Going Places: Place Recognition in Artificial and Natural Systems

Milford, Michael, Fischer, Tobias

arXiv.org Artificial Intelligence 

Place recognition--the process of an animal, person or robot recognizing a familiar location in the world--has attracted significant attention across multiple disciplines. In animals, this capability has evolved over millions of years through sophisticated neural mechanisms: hippocampal place cells fire at specific spatial locations (1), entorhinal grid cells provide spatial coordinates through hexagonal firing patterns (2), while diverse species demonstrate remarkable navigation--from desert ants using celestial cues and visual panoramas (3) to migratory birds returning to precise breeding sites across hemispheric distances (4).
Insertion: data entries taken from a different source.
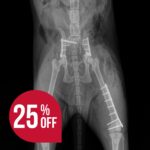 Advanced Fracture Repair 2-Day Course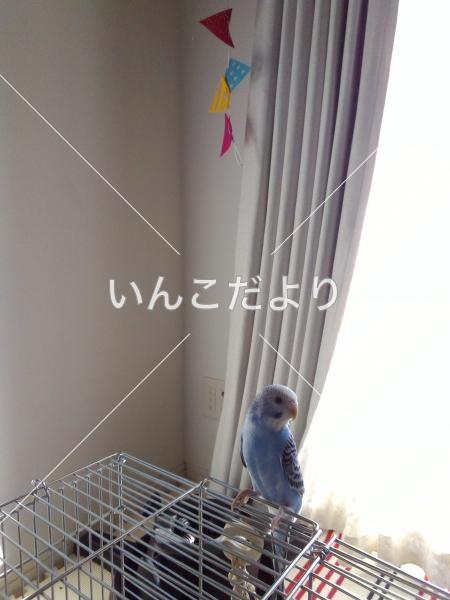 迷い鳥の写真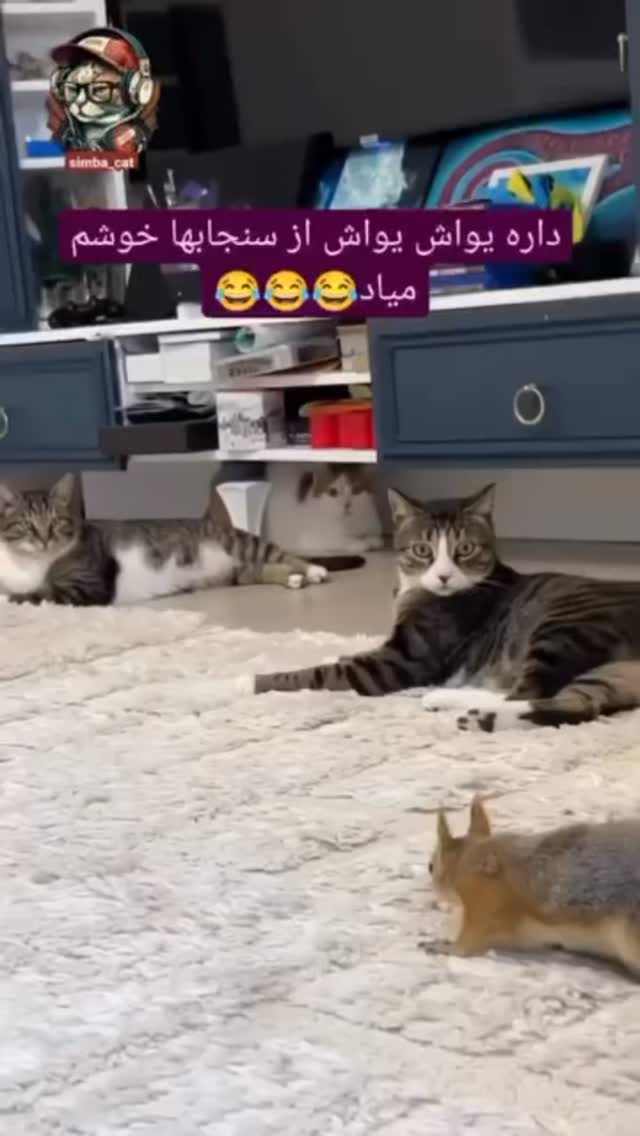  جدید ترین استوری اینستاگرام کرموبله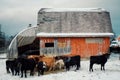 a colorful red barn building with cow cattle feeding from a haystack during the winter with snow covering the fields Royalty Free Stock Photo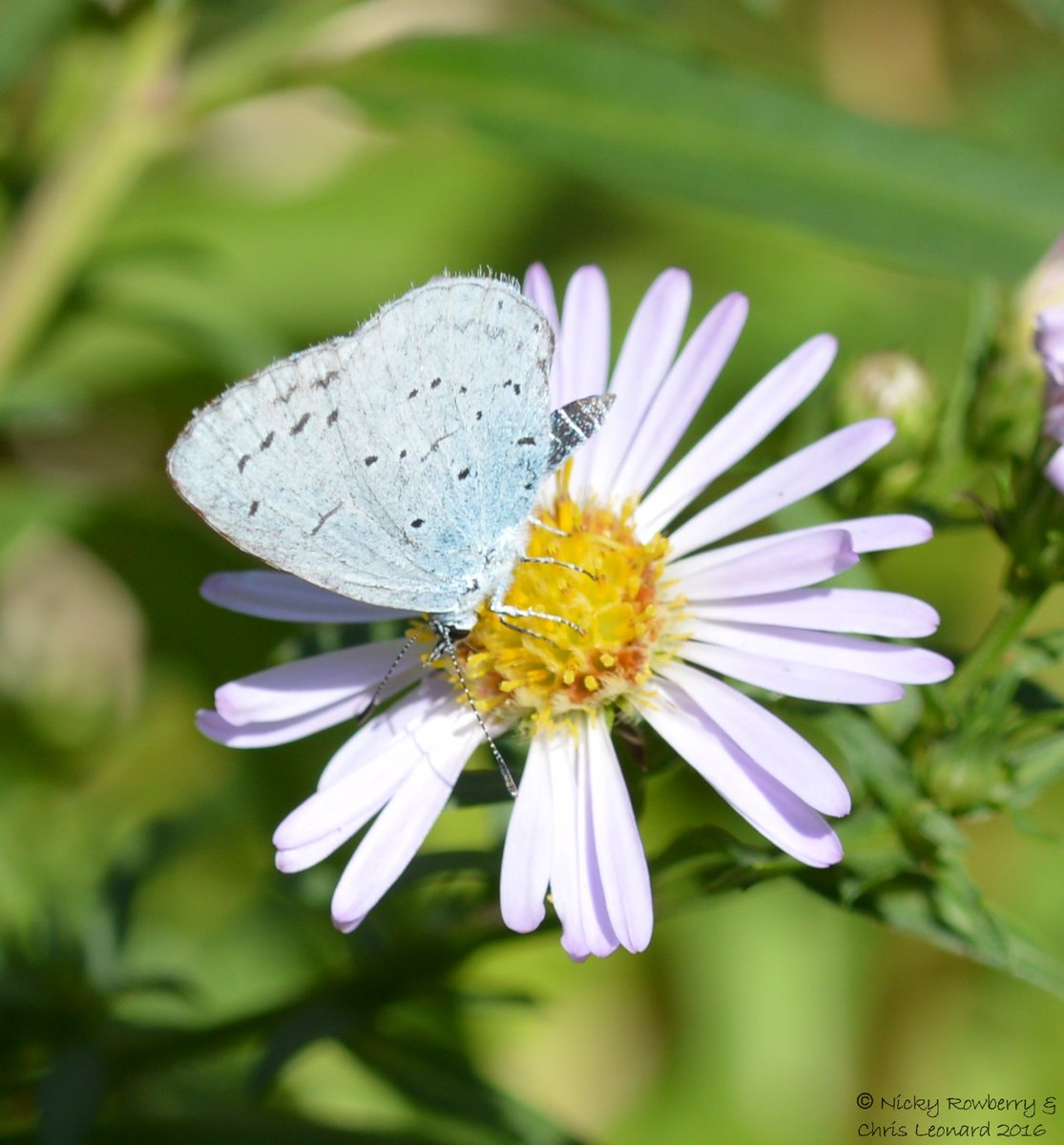 #butterflies & #Michaelmas daisies for #michaelmasday @ukbutterflies @savebutterflies @britbutterflies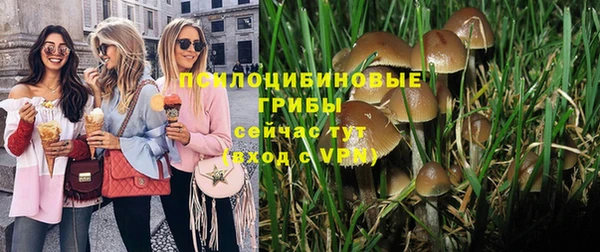 гашиш Горнозаводск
Humans extend these biological foundations with unique cognitive abilities, recognizing places not only through sensory perception but also through semantic meaning, emotional associations, and cultural context--enabling us to identify familiar locations from descriptions, memories, or even fictional narratives (5). In artificial systems, place recognition underpins core robotics functions such as localization, mapping, and long-term autonomy, developing into a mature field that, while sometimes inspired by biological principles, often diverges significantly in implementation to optimize for computational efficiency and metric accuracy. As research has grown in the area, so too has a rich landscape of surveys and reviews that reflect the field's evolution and diversification.